La Confédération FO s’est élevée elle aussi contre la proposition de loi sur la sécurité globale. Soulignant la nécessité de protéger la population, dont les agents publics en relation avec l’exercice de leurs missions, des menaces, harcèlements et violences notamment via la vindicte sur les réseaux sociaux, elle a rappelé que celle-ci ne peut en aucun cas s’affranchir du principe de proportionnalité et du respect scrupuleux des droits fondamentaux, des garanties démocratiques et de l’État de droit.

Pour le respect scrupuleux des droits fondamentaux

La Commission nationale consultative des droits de l’Homme (CNCDH), dont la confédération FO est partie prenante, institution de protection et de promotion des droits de l’Homme, chargée en la matière d’un rôle de conseil et de proposition auprès du gouvernement et du Parlement, résume : Par diverses mesures, ce texte vise à donner des gages aux forces de l’ordre, notamment l’interdiction de diffuser des images de policiers, mesure qui a suscité, à juste titre, l’émoi des syndicats de journalisme.
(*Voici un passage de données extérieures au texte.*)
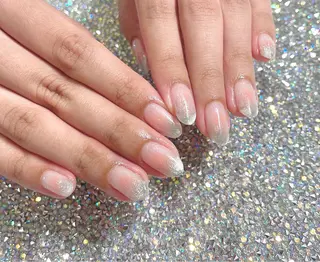 ミディアム BURGUNDY 🌹eriのネイルデザイン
Il opère un transfert de compétences régaliennes aux policiers municipaux et aux agents de sécurité privée, heurtant de front l’article 12 de la Déclaration des droits de l’homme et du citoyen. Ce texte ouvre par ailleurs de très larges possibilités d’utilisation des drones pour la surveillance de la population, faisant peser des risques immédiats sur le respect de la vie privée et sur la liberté de manifester.

Si la proposition de loi vise à faire obstacle à la diffusion d’images de policiers dans l’exercice de leur fonction, elle prévoit de permettre aux policiers municipaux et aux agents de la ville de Paris chargés d’un service de police d’utiliser les images enregistrées par des caméras de vidéo protection. Il va sans dire que ces caméras peuvent capter des images susceptibles de porter atteinte à la vie privée des citoyens. Jusqu’à maintenant, seuls sont autorisés à le faire des agents de la police nationale et des gendarmes, dûment désignés et habilités.

La proposition de loi prévoit aussi de permettre l’usage de drones avec caméra embarquée comme outil de surveillance, notamment dans les manifestations. Plus qu’un outil de surveillance, un drone peut en effet aussi s’apparenter à un outil d’intimidation alerte également la CNCDH.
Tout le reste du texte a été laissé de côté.